6 Replies Latest reply: Jan 13, 2014 9:09 AM by 981760 RSS

    Redo Transport problem with SYNC option

    981760

      Hello Experts,

       

      I have some unique issue with redo transport.

       

      I am actually trying to use Dataguard redo shipment for Oracle Streams.

       

      If I am using ASYNC redo transport ,my environment is working fine, but if I change it to SYNC then I see the error from LGWR.

       

      Basically , LGWR will not write to the standby redo logs and throws me the below error from the LNS log files.

       

      Redo shipping client performing standby login

      *** 2014-01-06 10:14:39.091 68920 kcrr.c

      Logged on to standby successfully

      Client logon and security negotiation successful!

      *** 2014-01-06 10:14:39.091 61296 kcrr.c

      LNSb: connect status = 0

      *** 2014-01-06 10:14:39.111

      ksedmp: internal or fatal error

      ORA-00600: internal error code, arguments: [kcrrnsfwa.15], [4294967104], [512],

      [], [], [], [], []

      ----- Call Stack Trace -----

      calling call entry argument values in hex

      location type point (? means dubious value)
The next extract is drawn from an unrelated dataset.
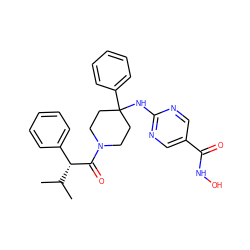 CC(C)[C@@H](C(=O)N1CCC(Nc2ncc(C(=O)NO)cn2)(c2ccccc2)CC1)c1ccccc1 ZINC001772622496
      -------------------- -------- -------------------- ----------------------------

      ksedmp()+728 CALL ksedst() 000000017 ?

      FFFFFFFF7FFFCEBC ?

      000000000 ?

       

       

      My understanding is during SYNC , LGWR should write the redo log files using LNS and RFS recieves those messages at Standby site and writes it to the standby log file.

       

      My standby log files are of same size as online redo log files and I also have the same orapwd transferrred.

       

      Even though it makes me believe that issue is with network , when I contacted the nework people they say everything looks good.

       

      Another strange thing, I have the setup working in different server , its only with this server , SYNC does not work, also I tried with different versions of ORacle in the same box and none of them would be successfully able to write to the standby logfiles.

       

      Any suggestions with this issue is highly appreicated.

       

      Thanks,

      Krishna

        • 1. Re: Redo Transport problem with SYNC option
          896971

          Always remember to please provide your Operating System version and your Oracle version. Are you using file-system or ASM on your servers? Provide any other errors as well and let us know what server they are from (primary or standby).

           

          Run select name,open_mode,database_role,protection_mode from v$database; and SELECT dest_name,destination,recovery_mode,PROTECTION_MODE FROM v$archive_dest_status; and  SHOW PARAMETER LOG_ARCHIVE_DEST_ and report back with what it says from all servers.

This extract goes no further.